Controversial propaganda strikes concern
With the recent email blast by the Loudoun County Republican Committee on Halloween featuring a zombie President Barack Obama with a bullet hole in his head, concerns have been raised over two other campaign images circulating among voters.
Loudoun County Supervisor Eugene Delgaudio (R-Sterling) recently sent out a Public Advocate fundraising letter, the organization of which Delgaudio is president. The picture features what appears to be a rainbow blood stained spatter in a doorway complete with a rainbow colored hand print on the door. The image, which is said to be doctored by Delgaudio to target the gay, lesbian, bisexual, transgender community, is believed to come from a blood stained door photo.
“Looks like paint to me,” Delgaudio said. “They’re saying it looks like blood but I don’t know what they’re talking about. We take out Google ads and I swear that looks like paint.”
Delgaudio said the image was originally rainbow colored and Equality Loudoun, a pro-gay, lesbian, bisexual, transgender group doctored it to look like blood in another image. He said there is no image with blood that came from his organization.
“It’s a clear indication that they are creeping through the door. If they want to convey it that way that’s their business,” Delgaudio said. When asked who “they” are, he said, “the rainbow flag is them … the gay lobby.”
Delgaudio said he’s attacking conservatives that he feels have attacked him and his beliefs and said that the homosexuals are “flooding in.”
“This homosexual lobby has been Photoshopping me and everything I’m associated with for my entire time being in public office,” Delgaudio said. “So this is really rich that they would be accusing me of Photoshopping something that I didn’t Photoshop. They forgot that they Photoshopped this. They’re deceiving themselves that I said something without calling me.”
The President of Equality Loudoun, David Weintraub said the original picture of the blood stained door can be found on Google images and no lobby group had doctored the image from rainbow to blood.
“All you have to do is a Google image search with the key words ‘blood door’ and a whole page of them comes up. That’s just the reality.
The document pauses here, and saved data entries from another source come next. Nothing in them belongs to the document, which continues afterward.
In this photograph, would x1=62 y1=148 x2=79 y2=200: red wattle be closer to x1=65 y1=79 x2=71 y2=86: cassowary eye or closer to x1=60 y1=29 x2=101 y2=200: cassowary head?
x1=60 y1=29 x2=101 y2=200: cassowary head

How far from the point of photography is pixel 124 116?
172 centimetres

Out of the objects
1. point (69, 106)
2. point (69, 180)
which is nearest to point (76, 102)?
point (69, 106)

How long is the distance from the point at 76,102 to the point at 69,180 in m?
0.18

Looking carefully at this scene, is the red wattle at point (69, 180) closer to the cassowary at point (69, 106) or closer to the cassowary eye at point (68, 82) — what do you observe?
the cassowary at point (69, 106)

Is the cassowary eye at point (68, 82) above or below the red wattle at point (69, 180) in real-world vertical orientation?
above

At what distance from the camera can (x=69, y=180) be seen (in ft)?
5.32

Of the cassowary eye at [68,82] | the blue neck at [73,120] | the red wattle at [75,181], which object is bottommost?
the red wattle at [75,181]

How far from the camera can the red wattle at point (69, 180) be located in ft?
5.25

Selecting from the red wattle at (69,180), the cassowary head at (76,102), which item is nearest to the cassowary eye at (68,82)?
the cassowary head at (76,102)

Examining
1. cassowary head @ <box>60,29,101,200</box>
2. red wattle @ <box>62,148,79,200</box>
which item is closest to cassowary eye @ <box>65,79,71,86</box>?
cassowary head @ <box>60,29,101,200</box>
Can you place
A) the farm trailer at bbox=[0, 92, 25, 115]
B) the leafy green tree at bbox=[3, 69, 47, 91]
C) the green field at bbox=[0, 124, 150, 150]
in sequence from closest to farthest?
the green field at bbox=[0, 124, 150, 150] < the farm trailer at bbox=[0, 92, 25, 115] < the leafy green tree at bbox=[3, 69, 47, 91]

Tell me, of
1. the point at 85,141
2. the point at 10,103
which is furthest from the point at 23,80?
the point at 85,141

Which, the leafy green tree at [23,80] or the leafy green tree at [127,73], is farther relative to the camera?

It’s interesting that he’d say that,” Weintraub said. “No one else is sending out images of bloody, gory crime scenes that are rainbow colored so I don’t see how we’re singling him out for doing that, because he’s the only one who’s done it.”
Weintraub says that he reports on what is sent out by Delgaudio and the impact he thinks it has on people.
“I tried to be concise and explain why I think a moral line should be drawn with this specific behavior when he’s calling other people basically not human by referring to them as “it,’” Weintraub said. “When you express something like that about a hypothetical person as the member of an identified group, it’s directed at the real members of that group, real people.”
Another candidate being criticized is Democrat Shawn Mitchell who is running in the state Senate 13th District against Republican Dick Black. NARAL a pro-choice group that has endorsed Mitchell sent out a controversial letter to voters that shows a woman in a compromising position.
The image on the front of the letter shows a woman in stirrups at a gynecologist appointment with the text: “This is bad enough without extremist Dick Black involved.” And below that it reads: “Stop Dick Black. Vote for Shawn Mitchell on November 8th.”
Dominic Gabello, campaign manager for Mitchell said that his campaign didn’t have anything to do with the propaganda.
“I don’t know their reasoning behind their imagery but Dick Black is very extreme on choice. He opposes a woman’s right to abortion in all instances. He sent plastic fetuses to the General Assembly in 2003 to highlight his extremism,” Gabello said. “He’s just too extreme for Loudoun and Prince William families and people to remember this when they’re going to the polls.”
Gabello said the imagery was provocative and it’s NARAL’s decision of what they choose to send out to voters, not Mitchell’s, but agrees that the message of Black’s extremism is what should be conveyed.
“I have to say I’ve worked on about 40 campaigns and that’s probably the most over the top piece I have ever seen, from either side in all of those times. It makes a man feel kind of quesy I can imagine a woman’s feeling in looking at that,” Black said. “I think people have a clear choice - if there’s a single issue they know that they’ve got a pro-life candidate and pro-abortion candidate.”
“Personally, we have remained very focused on jobs and the economy. My opponent has focused almost entirely on social issues,” Black added.